Master Dogen refers to zazen as ‘dropping off body and mind’. Yet body and mind don’t disappear. But they are different, because they’re no longer labouring under the ownership of the self, which is really ownership by a ghost which haunts us. And because that liberation takes place, the body can exist in its power, beauty and expression, because it’s no longer an object within consciousness. 

Central to zazen is the enlivening of the spine. Sitting properly, our pelvis in the right position, our spine becomes energised, and we can express that in a number of different ways. So some people have expressed that enlivenment as being like the body is, as it were, suspended in space from above.

That’s personally, not something which I find resonant. My own inclination is to express it as the body in zazen being like a tremulous young tree. So the roots are going down into the ground and there’s this alive upward movement in response. And sometimes people can feel a sense of incipient energy in it, like a cork in a champagne bottle would feel.

These are all figures of speech to try and describe our actual experience. Choosing a variety of figures of speech makes sense because we are then likely to see these as just being provisional attempts to describe experience. Which leaves us free to find our examples which are equally provisional. So we don’t have to be, as it were, hanging about until we feel that our bodies are hanging in space, we’re free to find our own mode of expression.

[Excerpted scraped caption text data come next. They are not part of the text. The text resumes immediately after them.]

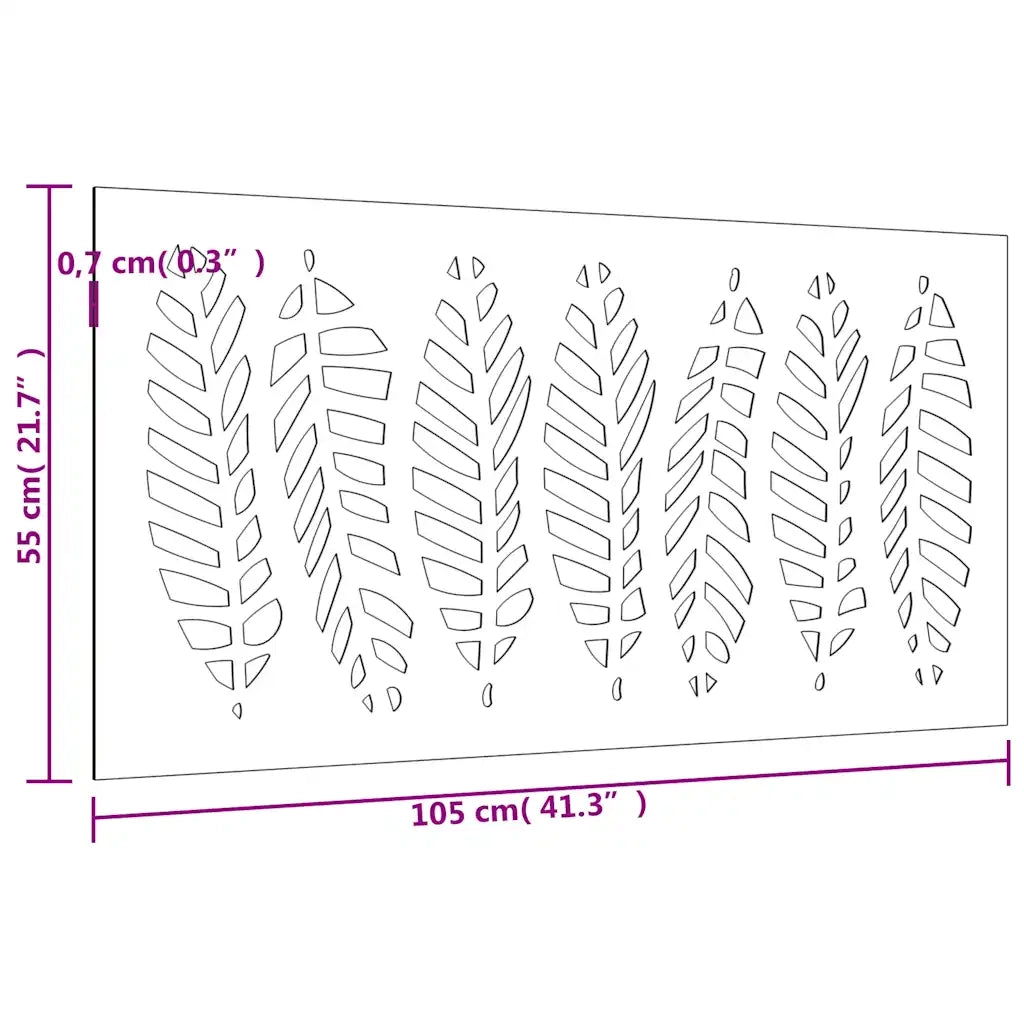 Decorazione Muro da Giardino 105x55 cm Foglia Acciaio Corten 824500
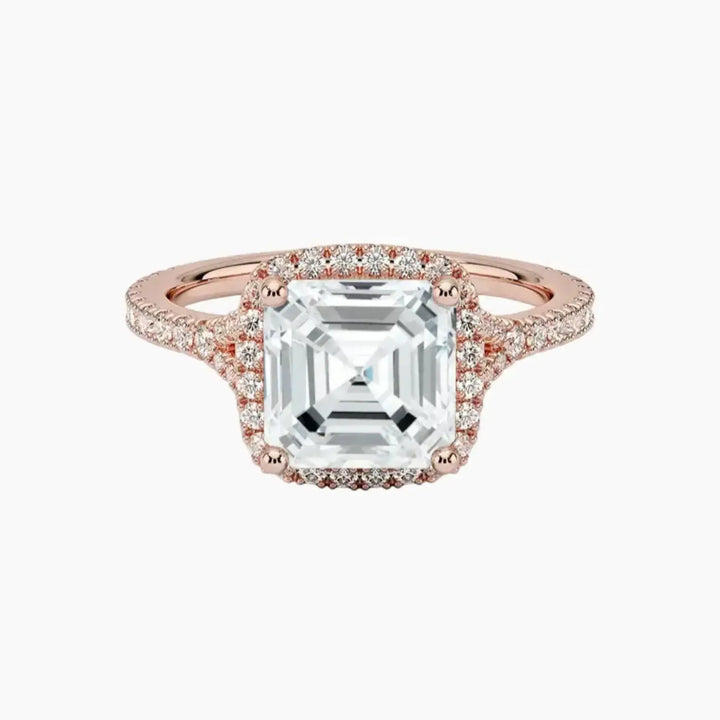 Lysandra Asscher Hidden Halo 2 Carat Lab Grown Diamond Engagement Ring in 14K Rose Gold
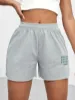 Picture of Slogan Embroidery Frayed Hem Sports Shorts☀️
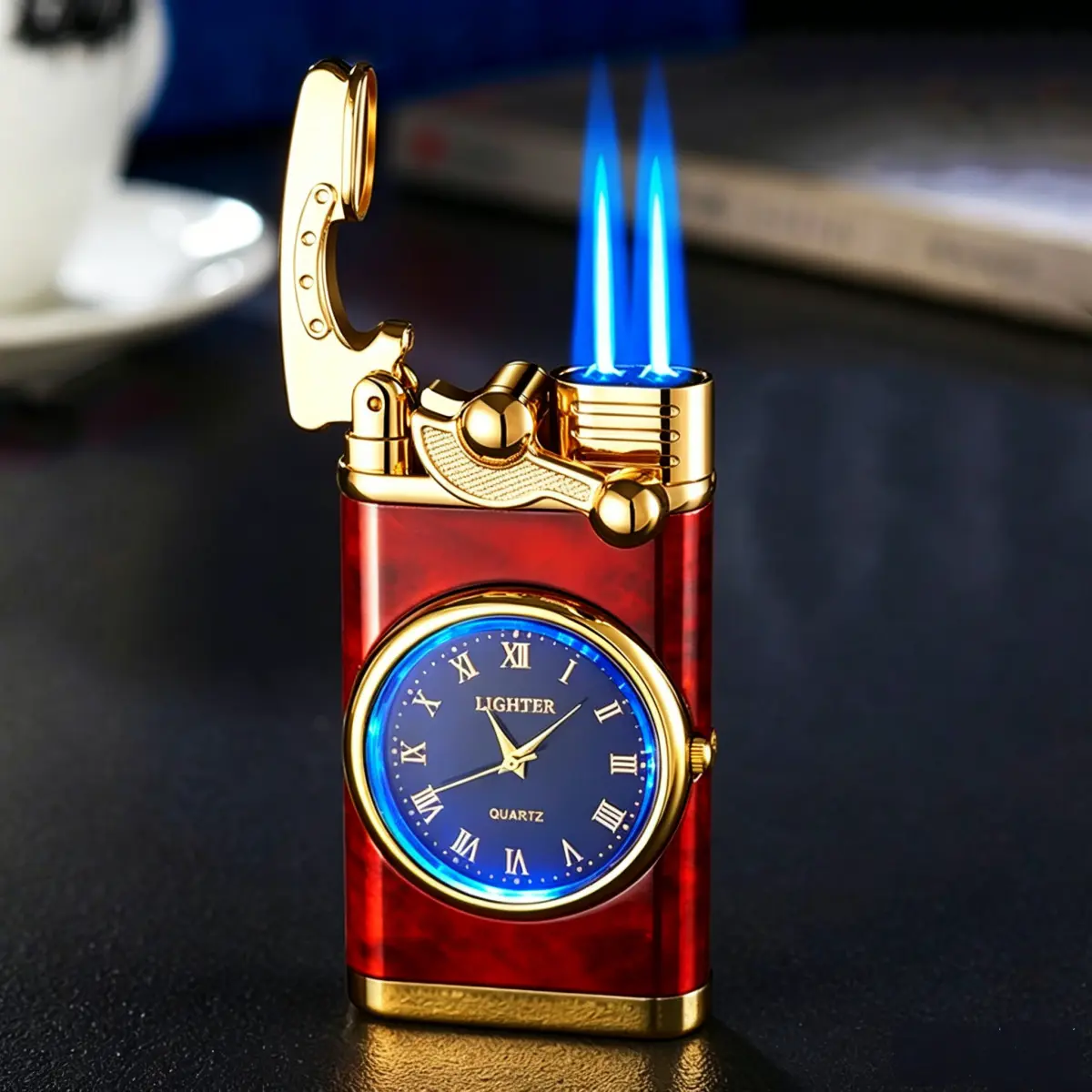 Creative Twin Flame Windproof Lighter, 2-In-1 Multi-Function Watch And Butane Lighter, Innovative Arm Ignition Design, Stylish Knob, Adjustable Flame Size, Makes An Ideal Gift.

So in my case, I would say that I experience my base, my pelvic floor as being like the roots of a tree going into the earth. I experience this area around my heart as uncompressing, lengthening, so my heart is no longer squashed, so it can, as it were, come out into the world. And the back of my head experiences widening. And I also experience a line of force like a needle going up in an imaginary space, not a real [physical] space, an imaginary [yet real] space between the crown chakra and the occipital joint. So not trying to push up the top of the head, which just creates tension, but just this effortless, as it were, needle of energy directing upwards.

This is all my language, not yours. And it’s fair to say as well that the aliveness of the spine is the same as the aliveness of the world. If we experience the spine as enlivened, our body is enlivened, and then we likewise experience the world in the same way. And again, we can think of this in figurative terms, so we could think of, as it were this tree being in the forest of beings, you could think of the alive spine as being like a lighthouse amid the glorious storm of creation. You can think of it in a whole number of ways. We just need to let our heart speak.